Corrigibility via Moral Uncertainty

By corrigibility, I mostly just mean that the AI wants to listen to and learn from people that it’s already aligned with. I don’t mean aligning the AI’s goals with a person’s, I mean how the AI interacts with someone that it thinks it’s already aligned with.

Corrigibility means that if people give it information, it will incorporate that information. The ideal case is that if people tell the AI to turn off, it will turn off. And it will do so even if it isn’t sure why. Even if it thinks it could produce more “value” by remaining on. One approach to this involves tweaking the way the AI estimates the value of actions, so that turning off always seems good when the human suggest that. This approach has issues.

Another approach is what’s called moral uncertainty. You allow the AI a way to learn about what’s valuable, but you don’t give it an explicit value function. In this case, the AI doesn’t know what’s right, but it does know that humans can be a source of information about what’s right. Because the AI isn’t sure what’s right, it has an incentive to pay attention to the communications channel that can give it information about what’s right.

A simple model might be

Moral uncertainty models values as being learned from humans

Because consulting a human is slow and error prone, we might desire a utility maximizing agent to learn to predict what the human would say in various situations. It can then use these predictions (or direct estimates of the value function) to do tree search over its options when evaluating action plans.

So far so inverse reinforcement-learning. The corrigibility question comes up in the following scenario: what does the AI do if it’s predictions of value and the human’s direct instructions conflict?

Imagine the following scenario:

the AI is trying to pursue some complex plan
it estimates that the human would say the plan will have a good outcome
it also estimates that the abstract value function would return a high utility from the plan’s outcome
but the human is screaming at it to stop

What should it do?

Obviously we want it to stop in this case (that’s why we’re yelling). How do we design the AI so that this will happen?

Off-Switch Game

Representing corrigibility in general is hard, so one thing that researchers have done is investigate a simpler version. One simple game that people have thought a lot about is the off-switch game. Figuring out how to make a super-intelligence pay attention to (and maintain functionality of) an off-switch is the minimum viable implementation of corrigibility. It’s important to note here that the off-switch is really just a signal; a single-bit communication channel from humans to the AI. Don’t get wrapped up in implementation details like “does it actually remove power?”

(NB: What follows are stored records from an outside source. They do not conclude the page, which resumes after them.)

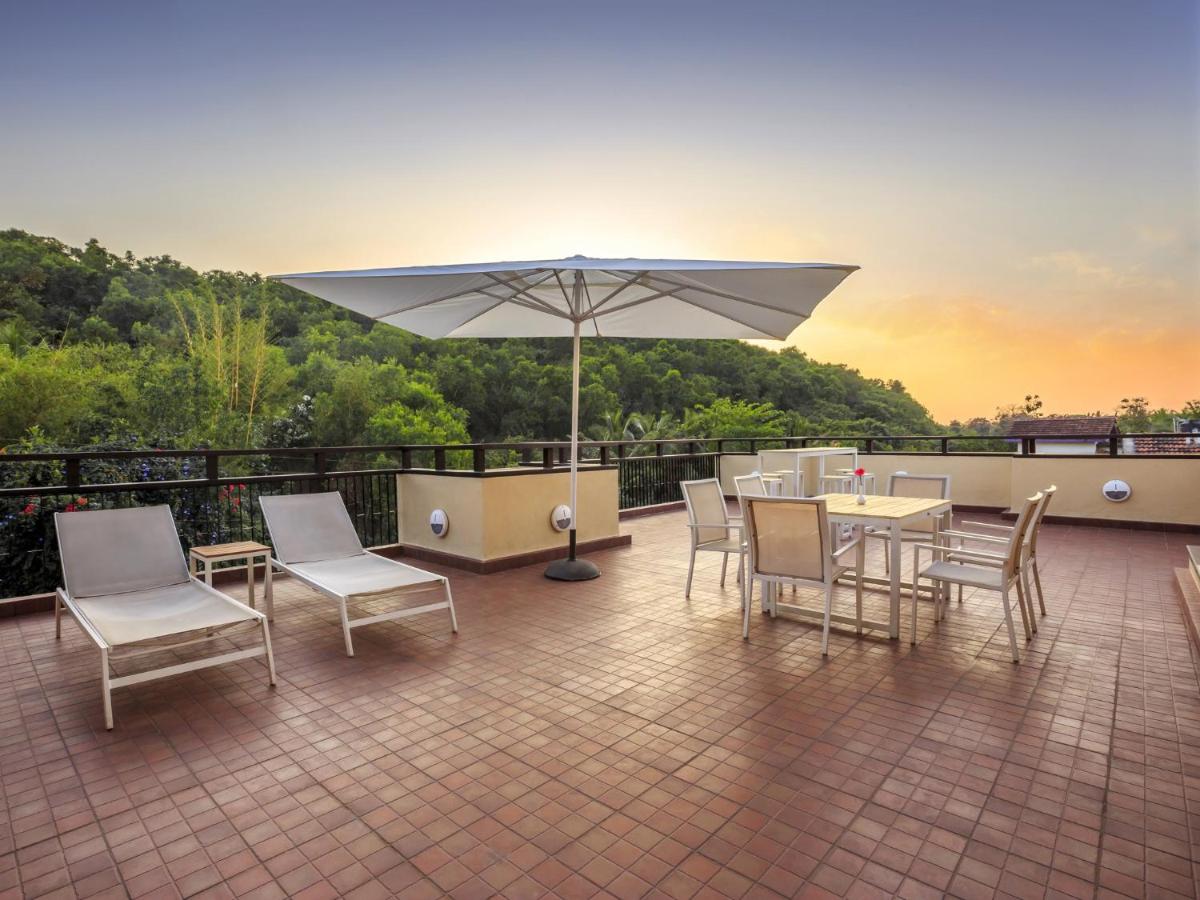 a patio with a table and chairs and an umbrella at Deltin Suites in Candolim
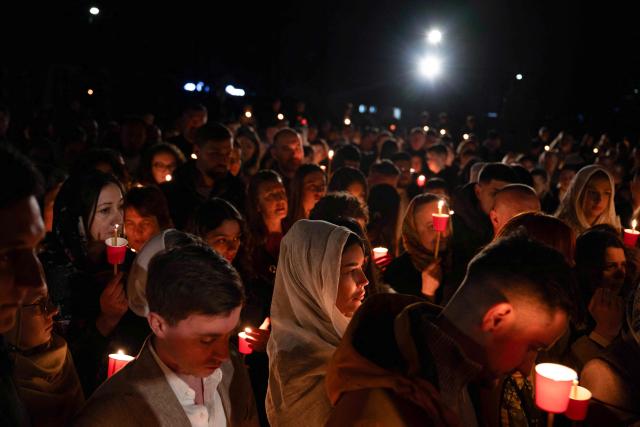 Orthodox believers hold candles as they takes part in midnight Easter Service at the Gracanica medieval monastery near Pristina, Kosovo, on April 12, 2026. (Photo by Armend NIMANI / AFP)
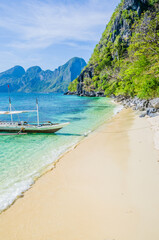 Traditional banca boat in clear water at sandy beach near El Nido, Philippines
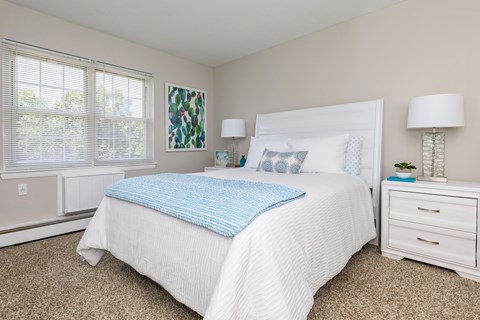 A bedroom with a white bed and a blue pillow.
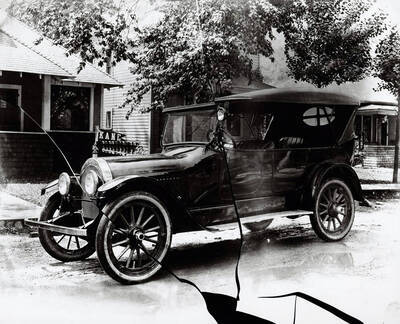 Kane's Auto building and in front of the building is an old automobile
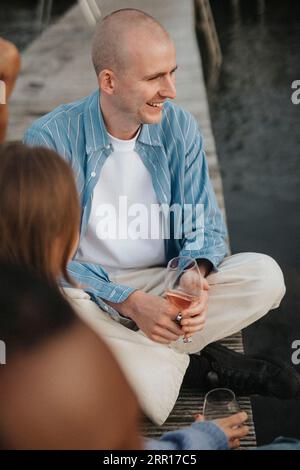 Lächelnder Mann, der Weinglas hält, während er mit den Beinen auf dem Pier sitzt Stockfoto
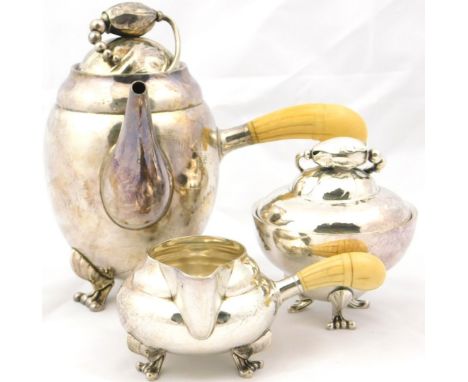 A Georg Jensen sterling breakfast set, decorated in the Magnolia pattern, comprising coffee pot with ivory side handle, cream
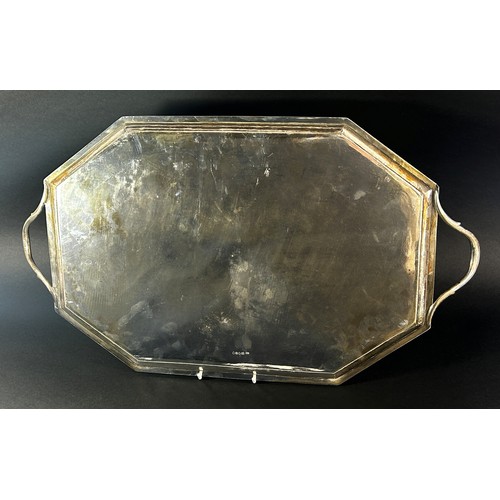 162 - A silver serving tray with side engravings and centre inscriptions reading 'Labore', London, dated 1... 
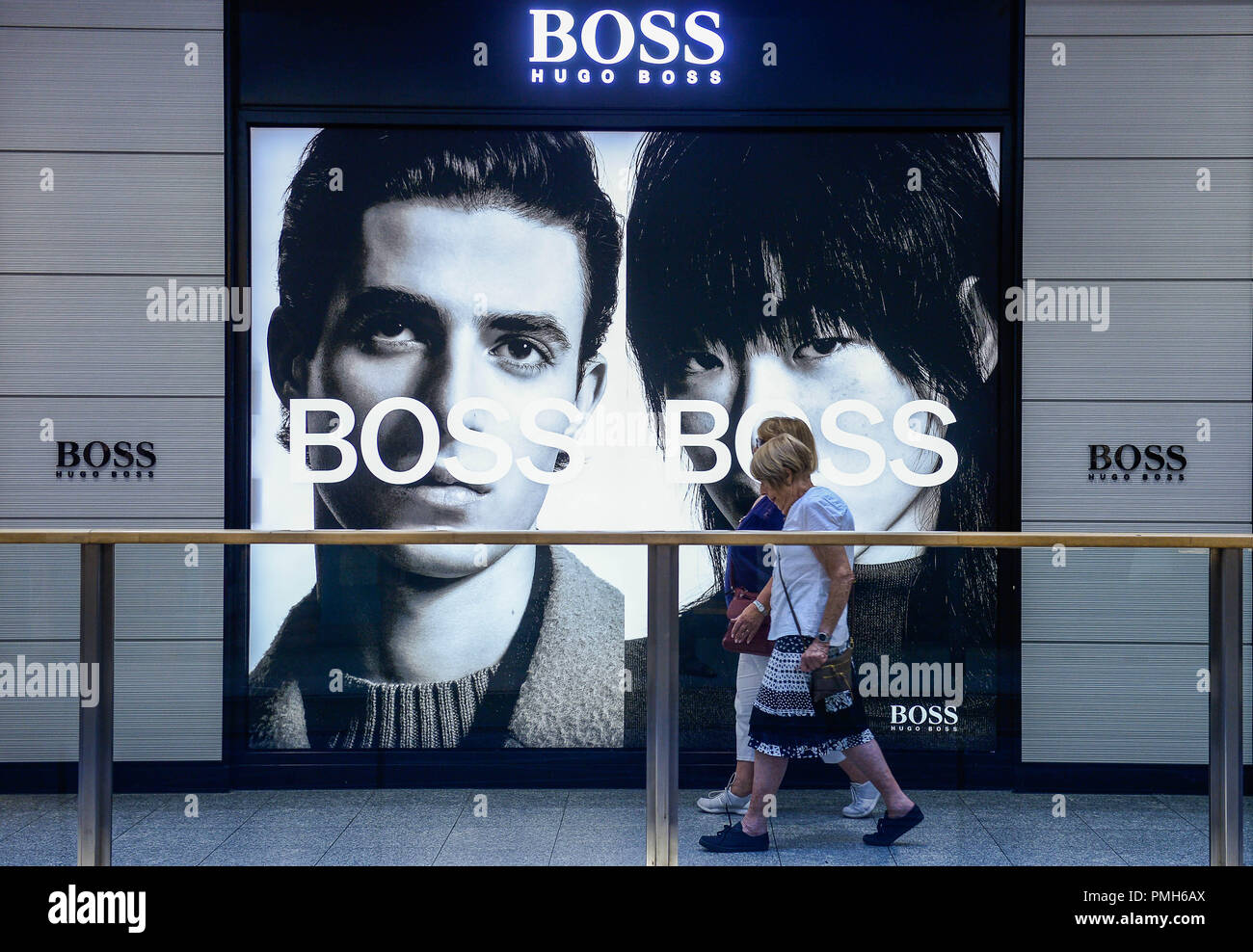 September 18, 2018 - Krakow, Poland - Women seen walking by a HUGO BOSS  advertisement. (Credit Image: © Omar Marques/SOPA Images via ZUMA Wire  Stock Photo - Alamy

How do you design an AI that would actively want to pay attention to whether a human presses an off-switch?

As Hadfield-Menell and team show, an AI that is informed by a rational human observer would have incentive to listen to that observer. However, the less capable the human observer is, the less reason the AI has to pay attention to the human. Hadfield-Menell provide a toy problem and derive situations in which the AI would prefer to ignore the human.

A game-tree formulation of the off-switch game.

In the diagram, the square “R” nodes indicate the AI doing something. The “a” arrow out of the “R” nodes indicate the AI taking an action. The “s” arrow indicates the AI turning itself off. The “w(a)” arrow indicates the AI waiting on the human to give advice about the proposed action. Each outcome has some utility, which might be $U_a$ or 0. The value of $U_a$ has an impact on what the AI chooses to do.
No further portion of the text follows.